Analyst · Artko Capital.

And then you had mentioned that your return rate was 8%. Do you think that’s because the people who shop online are your actually brick-and-mortar buyers, or would you say -- do you guys have that data to see who’s buying online, or is it brand new guys or is that people that have shopped with you before, they’re just loyal customers that are migrating to online?

David Levin

Management

It’s really all about fit. Fit and comfort are the driving forces of our customers, because they’re challenged to find things that could fit them right. Once they find something that fits them, they’re going to buy multiples because they don’t think they can get it again or will be out of the size, so we have a big emphasis on that whole process; so we sit in months with each brand; we have global sourcing team that’s excellent at putting out the trim; getting this fits and everything to fit just right.

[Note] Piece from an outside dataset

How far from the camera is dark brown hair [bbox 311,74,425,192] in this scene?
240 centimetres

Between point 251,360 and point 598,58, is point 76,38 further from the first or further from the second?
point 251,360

So just for example, if you have a Tommy Bahama XXX shirt, we have a Calvin Klein XXX shirt, they both will fit him, but the DNA of that fit will be the same. So Tommy Bahama will be a little more generous in its fit and Calvin Klein will be a little more trimmer in its fit. But either one for guy that’s what differentiate ourselves from everyone else, I know, if I don’t buy jeans online because you never know how the brand is going to be size it, so I could be any of three sizes, which really means I want to go in the store and try it on. Our customer knows if he’s going to buy a 48-inch, 32-inch and seam, it’s going to fit him. And again having that low return rate is critical to our future growth, because I think it’s a real problem going forward for the brick-and-mortar retailers to make money if they’re going to have high return rates.

Operator

Operator

That concludes today’s question-and-answer session. That concludes today’s call. Thank you for your participation. You may now disconnect.